How to complete this task ▸
Begin with the first line of the entries below and reproduce each line exactly, ending with the line that holds "K&N Select Oil Filter (05-19 2.5L Frontier)".

[[ Task inputs open ]]

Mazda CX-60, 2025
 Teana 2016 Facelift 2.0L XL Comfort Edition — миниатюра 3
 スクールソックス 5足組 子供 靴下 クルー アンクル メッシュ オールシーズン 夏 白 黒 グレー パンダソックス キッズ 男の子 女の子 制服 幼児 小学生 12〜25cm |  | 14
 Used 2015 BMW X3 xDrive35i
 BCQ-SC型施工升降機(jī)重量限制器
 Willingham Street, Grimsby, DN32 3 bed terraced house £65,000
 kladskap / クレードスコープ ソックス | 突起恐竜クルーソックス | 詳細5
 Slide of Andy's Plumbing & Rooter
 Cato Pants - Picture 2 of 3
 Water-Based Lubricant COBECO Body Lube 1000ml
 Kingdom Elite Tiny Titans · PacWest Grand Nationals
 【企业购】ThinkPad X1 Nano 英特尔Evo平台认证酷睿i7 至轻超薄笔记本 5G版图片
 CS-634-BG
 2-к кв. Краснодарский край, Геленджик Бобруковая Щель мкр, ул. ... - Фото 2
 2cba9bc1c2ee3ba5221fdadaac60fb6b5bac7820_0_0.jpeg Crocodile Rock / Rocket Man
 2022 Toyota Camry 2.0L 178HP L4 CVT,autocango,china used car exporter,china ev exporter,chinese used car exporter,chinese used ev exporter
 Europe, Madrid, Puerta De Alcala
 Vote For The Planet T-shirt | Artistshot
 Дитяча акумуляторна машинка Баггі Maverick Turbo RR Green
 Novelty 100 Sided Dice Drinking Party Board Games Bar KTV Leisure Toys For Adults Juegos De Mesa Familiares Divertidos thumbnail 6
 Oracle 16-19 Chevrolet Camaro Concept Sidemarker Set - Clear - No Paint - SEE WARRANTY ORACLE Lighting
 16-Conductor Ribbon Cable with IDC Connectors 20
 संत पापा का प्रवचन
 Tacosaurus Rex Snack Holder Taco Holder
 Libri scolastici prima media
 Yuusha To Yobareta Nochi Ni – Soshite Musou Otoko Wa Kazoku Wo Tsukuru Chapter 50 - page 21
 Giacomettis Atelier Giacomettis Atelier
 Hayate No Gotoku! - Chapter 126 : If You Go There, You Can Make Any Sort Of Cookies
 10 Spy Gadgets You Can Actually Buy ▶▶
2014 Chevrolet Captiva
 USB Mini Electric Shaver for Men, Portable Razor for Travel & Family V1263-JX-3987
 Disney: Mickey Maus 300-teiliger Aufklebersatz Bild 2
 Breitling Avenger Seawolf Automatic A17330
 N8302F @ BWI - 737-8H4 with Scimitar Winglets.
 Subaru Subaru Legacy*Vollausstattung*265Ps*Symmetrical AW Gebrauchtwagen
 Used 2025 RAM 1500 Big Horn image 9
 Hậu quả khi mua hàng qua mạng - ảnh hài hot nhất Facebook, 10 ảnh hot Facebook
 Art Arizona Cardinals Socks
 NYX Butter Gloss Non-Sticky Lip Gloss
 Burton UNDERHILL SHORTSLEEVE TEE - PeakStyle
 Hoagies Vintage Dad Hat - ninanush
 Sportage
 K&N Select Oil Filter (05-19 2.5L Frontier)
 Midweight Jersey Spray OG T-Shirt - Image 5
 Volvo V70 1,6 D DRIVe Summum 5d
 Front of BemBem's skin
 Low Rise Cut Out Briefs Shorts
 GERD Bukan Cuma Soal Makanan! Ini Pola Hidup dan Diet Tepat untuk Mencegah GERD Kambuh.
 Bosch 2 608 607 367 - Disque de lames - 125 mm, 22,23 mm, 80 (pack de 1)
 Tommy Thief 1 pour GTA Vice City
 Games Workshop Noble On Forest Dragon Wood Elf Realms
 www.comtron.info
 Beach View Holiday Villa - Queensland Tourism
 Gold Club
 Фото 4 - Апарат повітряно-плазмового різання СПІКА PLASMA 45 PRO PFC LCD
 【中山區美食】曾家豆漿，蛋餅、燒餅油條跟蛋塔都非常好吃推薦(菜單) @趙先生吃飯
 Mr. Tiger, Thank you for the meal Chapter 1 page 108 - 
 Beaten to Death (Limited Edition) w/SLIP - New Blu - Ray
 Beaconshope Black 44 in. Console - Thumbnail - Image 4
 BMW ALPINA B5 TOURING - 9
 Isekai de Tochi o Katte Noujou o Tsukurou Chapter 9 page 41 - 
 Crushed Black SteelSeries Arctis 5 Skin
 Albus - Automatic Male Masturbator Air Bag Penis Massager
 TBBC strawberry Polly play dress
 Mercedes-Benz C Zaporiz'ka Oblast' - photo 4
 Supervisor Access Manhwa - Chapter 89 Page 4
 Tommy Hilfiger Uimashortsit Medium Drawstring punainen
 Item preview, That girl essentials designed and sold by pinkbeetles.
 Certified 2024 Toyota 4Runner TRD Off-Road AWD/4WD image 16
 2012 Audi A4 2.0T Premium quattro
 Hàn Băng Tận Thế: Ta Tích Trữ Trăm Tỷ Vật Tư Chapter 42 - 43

[[ Task inputs closed ]]

Task response ▸
Mazda CX-60, 2025
 Teana 2016 Facelift 2.0L XL Comfort Edition — миниатюра 3
 スクールソックス 5足組 子供 靴下 クルー アンクル メッシュ オールシーズン 夏 白 黒 グレー パンダソックス キッズ 男の子 女の子 制服 幼児 小学生 12〜25cm |  | 14
 Used 2015 BMW X3 xDrive35i
 BCQ-SC型施工升降機(jī)重量限制器
 Willingham Street, Grimsby, DN32 3 bed terraced house £65,000
 kladskap / クレードスコープ ソックス | 突起恐竜クルーソックス | 詳細5
 Slide of Andy's Plumbing & Rooter
 Cato Pants - Picture 2 of 3
 Water-Based Lubricant COBECO Body Lube 1000ml
 Kingdom Elite Tiny Titans · PacWest Grand Nationals
 【企业购】ThinkPad X1 Nano 英特尔Evo平台认证酷睿i7 至轻超薄笔记本 5G版图片
 CS-634-BG
 2-к кв. Краснодарский край, Геленджик Бобруковая Щель мкр, ул. ... - Фото 2
 2cba9bc1c2ee3ba5221fdadaac60fb6b5bac7820_0_0.jpeg Crocodile Rock / Rocket Man
 2022 Toyota Camry 2.0L 178HP L4 CVT,autocango,china used car exporter,china ev exporter,chinese used car exporter,chinese used ev exporter
 Europe, Madrid, Puerta De Alcala
 Vote For The Planet T-shirt | Artistshot
 Дитяча акумуляторна машинка Баггі Maverick Turbo RR Green
 Novelty 100 Sided Dice Drinking Party Board Games Bar KTV Leisure Toys For Adults Juegos De Mesa Familiares Divertidos thumbnail 6
 Oracle 16-19 Chevrolet Camaro Concept Sidemarker Set - Clear - No Paint - SEE WARRANTY ORACLE Lighting
 16-Conductor Ribbon Cable with IDC Connectors 20
 संत पापा का प्रवचन
 Tacosaurus Rex Snack Holder Taco Holder
 Libri scolastici prima media
 Yuusha To Yobareta Nochi Ni – Soshite Musou Otoko Wa Kazoku Wo Tsukuru Chapter 50 - page 21
 Giacomettis Atelier Giacomettis Atelier
 Hayate No Gotoku! - Chapter 126 : If You Go There, You Can Make Any Sort Of Cookies
 10 Spy Gadgets You Can Actually Buy ▶▶
2014 Chevrolet Captiva
 USB Mini Electric Shaver for Men, Portable Razor for Travel & Family V1263-JX-3987
 Disney: Mickey Maus 300-teiliger Aufklebersatz Bild 2
 Breitling Avenger Seawolf Automatic A17330
 N8302F @ BWI - 737-8H4 with Scimitar Winglets.
 Subaru Subaru Legacy*Vollausstattung*265Ps*Symmetrical AW Gebrauchtwagen
 Used 2025 RAM 1500 Big Horn image 9
 Hậu quả khi mua hàng qua mạng - ảnh hài hot nhất Facebook, 10 ảnh hot Facebook
 Art Arizona Cardinals Socks
 NYX Butter Gloss Non-Sticky Lip Gloss
 Burton UNDERHILL SHORTSLEEVE TEE - PeakStyle
 Hoagies Vintage Dad Hat - ninanush
 Sportage
 K&N Select Oil Filter (05-19 2.5L Frontier)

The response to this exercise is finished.